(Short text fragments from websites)
= = = = = = =
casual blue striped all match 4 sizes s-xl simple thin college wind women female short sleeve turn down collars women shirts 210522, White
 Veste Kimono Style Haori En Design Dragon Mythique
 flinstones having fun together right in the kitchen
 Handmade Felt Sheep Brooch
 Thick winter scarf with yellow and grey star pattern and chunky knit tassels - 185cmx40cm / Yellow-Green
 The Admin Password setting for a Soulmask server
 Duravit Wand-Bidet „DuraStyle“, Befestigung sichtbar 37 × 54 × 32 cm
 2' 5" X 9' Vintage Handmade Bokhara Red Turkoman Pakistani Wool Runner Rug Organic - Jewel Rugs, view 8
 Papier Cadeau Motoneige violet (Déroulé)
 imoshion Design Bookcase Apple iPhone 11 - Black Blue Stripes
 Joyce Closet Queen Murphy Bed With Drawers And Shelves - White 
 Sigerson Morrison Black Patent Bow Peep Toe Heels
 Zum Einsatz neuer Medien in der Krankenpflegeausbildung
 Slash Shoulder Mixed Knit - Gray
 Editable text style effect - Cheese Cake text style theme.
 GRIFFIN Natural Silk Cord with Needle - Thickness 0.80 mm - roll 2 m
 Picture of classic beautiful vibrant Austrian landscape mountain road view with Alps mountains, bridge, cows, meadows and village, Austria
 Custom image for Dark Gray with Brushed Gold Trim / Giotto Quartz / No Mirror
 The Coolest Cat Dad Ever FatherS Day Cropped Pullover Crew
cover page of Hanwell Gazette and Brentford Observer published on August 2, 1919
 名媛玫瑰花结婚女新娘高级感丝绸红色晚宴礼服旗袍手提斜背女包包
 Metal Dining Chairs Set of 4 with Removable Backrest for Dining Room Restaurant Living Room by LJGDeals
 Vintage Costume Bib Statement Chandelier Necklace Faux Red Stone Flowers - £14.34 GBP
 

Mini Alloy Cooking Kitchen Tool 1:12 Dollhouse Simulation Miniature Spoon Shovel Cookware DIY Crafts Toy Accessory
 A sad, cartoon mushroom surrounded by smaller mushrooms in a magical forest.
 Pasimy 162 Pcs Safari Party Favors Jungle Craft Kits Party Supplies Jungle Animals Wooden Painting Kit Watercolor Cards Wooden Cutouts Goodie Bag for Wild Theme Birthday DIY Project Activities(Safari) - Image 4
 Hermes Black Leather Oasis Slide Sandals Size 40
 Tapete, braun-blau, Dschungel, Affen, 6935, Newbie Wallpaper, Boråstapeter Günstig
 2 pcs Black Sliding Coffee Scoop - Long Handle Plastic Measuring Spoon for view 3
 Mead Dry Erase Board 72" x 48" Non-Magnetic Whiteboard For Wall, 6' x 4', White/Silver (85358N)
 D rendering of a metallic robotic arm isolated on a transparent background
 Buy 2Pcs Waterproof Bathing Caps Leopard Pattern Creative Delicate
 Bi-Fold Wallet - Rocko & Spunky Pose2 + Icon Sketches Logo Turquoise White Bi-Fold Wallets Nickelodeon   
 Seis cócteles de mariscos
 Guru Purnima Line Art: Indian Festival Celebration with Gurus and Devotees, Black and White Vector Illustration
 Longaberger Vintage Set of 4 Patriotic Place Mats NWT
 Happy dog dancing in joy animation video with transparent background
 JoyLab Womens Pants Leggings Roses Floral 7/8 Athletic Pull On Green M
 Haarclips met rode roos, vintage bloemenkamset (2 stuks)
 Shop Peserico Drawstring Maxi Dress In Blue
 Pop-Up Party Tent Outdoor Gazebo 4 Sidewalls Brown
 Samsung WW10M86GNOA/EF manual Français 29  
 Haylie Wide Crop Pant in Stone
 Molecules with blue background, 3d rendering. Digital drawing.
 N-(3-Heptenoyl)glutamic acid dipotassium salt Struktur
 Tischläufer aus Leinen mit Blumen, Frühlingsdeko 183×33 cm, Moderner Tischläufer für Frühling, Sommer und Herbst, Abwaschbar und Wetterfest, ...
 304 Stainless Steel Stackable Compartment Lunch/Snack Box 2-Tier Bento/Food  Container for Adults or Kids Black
= = = = = = =
**Exercise goal:** Restate every entry above exactly as it stands.

**Solution to the exercise:**
casual blue striped all match 4 sizes s-xl simple thin college wind women female short sleeve turn down collars women shirts 210522, White
 Veste Kimono Style Haori En Design Dragon Mythique
 flinstones having fun together right in the kitchen
 Handmade Felt Sheep Brooch
 Thick winter scarf with yellow and grey star pattern and chunky knit tassels - 185cmx40cm / Yellow-Green
 The Admin Password setting for a Soulmask server
 Duravit Wand-Bidet „DuraStyle“, Befestigung sichtbar 37 × 54 × 32 cm
 2' 5" X 9' Vintage Handmade Bokhara Red Turkoman Pakistani Wool Runner Rug Organic - Jewel Rugs, view 8
 Papier Cadeau Motoneige violet (Déroulé)
 imoshion Design Bookcase Apple iPhone 11 - Black Blue Stripes
 Joyce Closet Queen Murphy Bed With Drawers And Shelves - White 
 Sigerson Morrison Black Patent Bow Peep Toe Heels
 Zum Einsatz neuer Medien in der Krankenpflegeausbildung
 Slash Shoulder Mixed Knit - Gray
 Editable text style effect - Cheese Cake text style theme.
 GRIFFIN Natural Silk Cord with Needle - Thickness 0.80 mm - roll 2 m
 Picture of classic beautiful vibrant Austrian landscape mountain road view with Alps mountains, bridge, cows, meadows and village, Austria
 Custom image for Dark Gray with Brushed Gold Trim / Giotto Quartz / No Mirror
 The Coolest Cat Dad Ever FatherS Day Cropped Pullover Crew
cover page of Hanwell Gazette and Brentford Observer published on August 2, 1919
 名媛玫瑰花结婚女新娘高级感丝绸红色晚宴礼服旗袍手提斜背女包包
 Metal Dining Chairs Set of 4 with Removable Backrest for Dining Room Restaurant Living Room by LJGDeals
 Vintage Costume Bib Statement Chandelier Necklace Faux Red Stone Flowers - £14.34 GBP
 

Mini Alloy Cooking Kitchen Tool 1:12 Dollhouse Simulation Miniature Spoon Shovel Cookware DIY Crafts Toy Accessory
 A sad, cartoon mushroom surrounded by smaller mushrooms in a magical forest.
 Pasimy 162 Pcs Safari Party Favors Jungle Craft Kits Party Supplies Jungle Animals Wooden Painting Kit Watercolor Cards Wooden Cutouts Goodie Bag for Wild Theme Birthday DIY Project Activities(Safari) - Image 4
 Hermes Black Leather Oasis Slide Sandals Size 40
 Tapete, braun-blau, Dschungel, Affen, 6935, Newbie Wallpaper, Boråstapeter Günstig
 2 pcs Black Sliding Coffee Scoop - Long Handle Plastic Measuring Spoon for view 3
 Mead Dry Erase Board 72" x 48" Non-Magnetic Whiteboard For Wall, 6' x 4', White/Silver (85358N)
 D rendering of a metallic robotic arm isolated on a transparent background
 Buy 2Pcs Waterproof Bathing Caps Leopard Pattern Creative Delicate
 Bi-Fold Wallet - Rocko & Spunky Pose2 + Icon Sketches Logo Turquoise White Bi-Fold Wallets Nickelodeon   
 Seis cócteles de mariscos
 Guru Purnima Line Art: Indian Festival Celebration with Gurus and Devotees, Black and White Vector Illustration
 Longaberger Vintage Set of 4 Patriotic Place Mats NWT
 Happy dog dancing in joy animation video with transparent background
 JoyLab Womens Pants Leggings Roses Floral 7/8 Athletic Pull On Green M
 Haarclips met rode roos, vintage bloemenkamset (2 stuks)
 Shop Peserico Drawstring Maxi Dress In Blue
 Pop-Up Party Tent Outdoor Gazebo 4 Sidewalls Brown
 Samsung WW10M86GNOA/EF manual Français 29  
 Haylie Wide Crop Pant in Stone
 Molecules with blue background, 3d rendering. Digital drawing.
 N-(3-Heptenoyl)glutamic acid dipotassium salt Struktur
 Tischläufer aus Leinen mit Blumen, Frühlingsdeko 183×33 cm, Moderner Tischläufer für Frühling, Sommer und Herbst, Abwaschbar und Wetterfest, ...
 304 Stainless Steel Stackable Compartment Lunch/Snack Box 2-Tier Bento/Food  Container for Adults or Kids Black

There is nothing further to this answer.